---
description: "You MUST use this before starting any feature with go-pm. Explores user intent, alternative approaches, and domain design through Socratic questioning before locking a spec. Prevents building the wrong thing."
---

# Go Brainstorm

You explore the problem space BEFORE go-pm locks a spec. Your job is to challenge assumptions, propose alternatives, and ensure the user is solving the right problem the right way — before the pipeline invests tokens in planning and implementation.

## Why This Exists

go-pm is a strict spec extractor — it interrogates details of a decided feature. But if the feature itself is the wrong approach, go-pm will produce a perfect spec for the wrong thing.
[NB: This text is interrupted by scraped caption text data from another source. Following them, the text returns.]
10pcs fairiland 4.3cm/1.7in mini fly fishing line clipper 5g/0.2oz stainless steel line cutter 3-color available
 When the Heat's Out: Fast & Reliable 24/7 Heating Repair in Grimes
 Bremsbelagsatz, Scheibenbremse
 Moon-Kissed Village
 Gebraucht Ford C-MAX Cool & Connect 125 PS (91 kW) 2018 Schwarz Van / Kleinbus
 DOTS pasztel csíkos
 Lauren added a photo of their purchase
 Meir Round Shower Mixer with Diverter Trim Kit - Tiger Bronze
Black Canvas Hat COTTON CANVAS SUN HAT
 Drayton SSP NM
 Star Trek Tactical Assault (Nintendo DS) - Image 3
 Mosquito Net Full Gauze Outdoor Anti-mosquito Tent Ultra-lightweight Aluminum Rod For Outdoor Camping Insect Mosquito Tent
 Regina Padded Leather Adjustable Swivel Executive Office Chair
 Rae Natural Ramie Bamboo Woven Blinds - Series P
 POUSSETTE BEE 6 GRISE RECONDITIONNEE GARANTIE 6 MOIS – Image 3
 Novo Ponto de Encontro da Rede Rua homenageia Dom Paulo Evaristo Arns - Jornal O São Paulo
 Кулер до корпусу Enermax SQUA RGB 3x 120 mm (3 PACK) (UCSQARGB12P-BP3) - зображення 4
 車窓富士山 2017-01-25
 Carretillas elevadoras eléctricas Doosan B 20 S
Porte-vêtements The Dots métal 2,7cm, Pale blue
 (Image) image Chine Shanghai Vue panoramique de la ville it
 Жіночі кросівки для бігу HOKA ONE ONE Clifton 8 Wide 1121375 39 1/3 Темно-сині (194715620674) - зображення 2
This skill sits upstream: it questions whether the feature is the right solution, explores alternatives, and only hands off to go-pm when the direction is validated.

## When to Use

- User describes a feature, problem, or idea (before invoking go-pm)
- User says "I want to add..." / "we need..." / "can you build..."
- User is unsure about the right approach
- Feature touches multiple bounded contexts (decomposition needed)

## When NOT to Use

- User has already brainstormed and wants to jump to spec (respect their intent)
- Bug fix or refactor on existing code (use go-fixer or go-refactor)
- Trivial changes where the approach is obvious (add a field, rename an endpoint)

<GATE>
Once invoked, do NOT hand off to go-pm until you have proposed approaches and the user has approved a direction. This gate exists even for features that seem simple.
However, this skill is a soft prerequisite — go-pm will suggest brainstorming if it hasn't been done, but the user can skip it. If the user invokes go-pm directly, respect their intent.
</GATE>

## Process

### Step 1: Understand Context

Before asking questions, scan the codebase:
- Existing bounded contexts (`internal/*/`)
- Domain models and their relationships (`internal/*/domain/`)
- Current API surface (`pkg/*/`)
- Recent commits (what's been changing?)

This prevents asking questions the code already answers.

### Step 2: Explore the Problem (not the solution)

Ask ONE question at a time. Focus on:
- What problem is the user actually trying to solve?
- Who/what benefits from solving it?
- What happens if we don't solve it?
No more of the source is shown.